The allegation of negligence has caused a hiatus in getting the file to work out the costs. It does seem to us that the differential between the costs and damages due to our client and the costs due to your client will be small and might favour our client. We suggest that a deal is agreed that either mediates those costs or resolve by negotiation."
Points of agreement
Defendant's Part 36 Costs: indemnity basis?
(1) On 5 April 2012, the defendant made an open offer of £10,000 in damages, costs, undertakings not to repeat, and apologies. The claimant's then solicitors, RJW, responded positively. After further negotiations, the claimant counter-offered in open correspondence, offering to accept damages of £20,000.(2) On 10 July 2012 the claimant made further, alternative offers. One was to accept £36,000 as a global payment for damages and costs. The other was to accept £15,000 plus costs. On 19 July 2012, the defendant made an offer of £36,000 all-in, to cover damages and costs. On 27 July 2012 RJW agreed to this in principle, subject to settling claims against the Bank. On 1 August 2012 the claimant, through RJW, indicated that the £36,000 was acceptable, but sought amendments to other aspects of the settlement package offered.
(3) On 9 October 2012 Taylor Wessing took over the conduct of the claimant's claim. On 18 October 2012, she indicated through that firm that she would accept payment of £45,000 all-in. Significantly, the letter gave the firm's assessment of the true value of the claims. Taylor Wessing said "We believe that she would recover damages in the region of £20,000 should this matter proceed to trial." No doubt the claimant was aware of this assessment. On 1 November 2012, the defendant made a Part 36 offer of £25,000 in damages. At the same time, he made an open offer of £25,000 in damages and £25,000 in costs. The offer was therefore in excess of the sum indicated on 18 October.

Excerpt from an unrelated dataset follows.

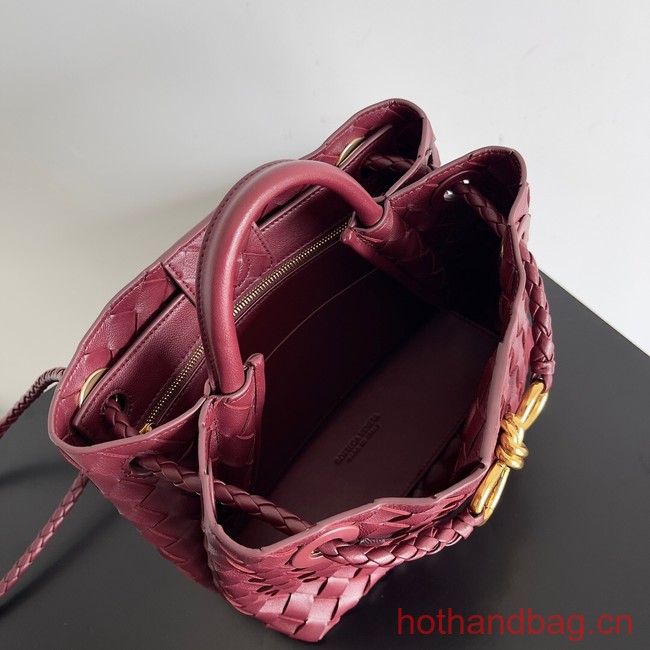 Bottega Veneta Small Andiamo 743568 Barolo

(4) After a lengthy lull in activity resulting from a stay imposed by agreement, the defendant made two further offers and the Part 36 offer which the claimant has eventually accepted. On 26 October 2015, there was a Part 36 offer of £35,500 in damages. This offer included the proposed amendments that had been indicated in Taylor Wessing's letter of 30 September 2015. On 23 November, at the same time as the final Part 36 offer, there was an open offer of £25,000 in damages plus the claimant's costs on the indemnity basis. Again, the offer was expressed to cover the proposed amendments as well as the claims that were already pleaded.
The Set-Off Application
"(1) If a Part 36 offer is accepted, the claim will be stayed.
(2) In the case of acceptance of a Part 36 offer which relates to the whole claim, the stay will be upon the terms of the offer.
…
(5) Any stay arising under this rule will not affect the power of the court—
(a) to enforce the terms of a Part 36 offer; or
(b) to deal with any question of costs (including interest on costs) relating to the proceedings…."
The effect of r 36.14(5)(b) seems to be to ensure that the court has full power over the costs of the proceedings, save to the extent that costs orders are prescribed by r 36.13.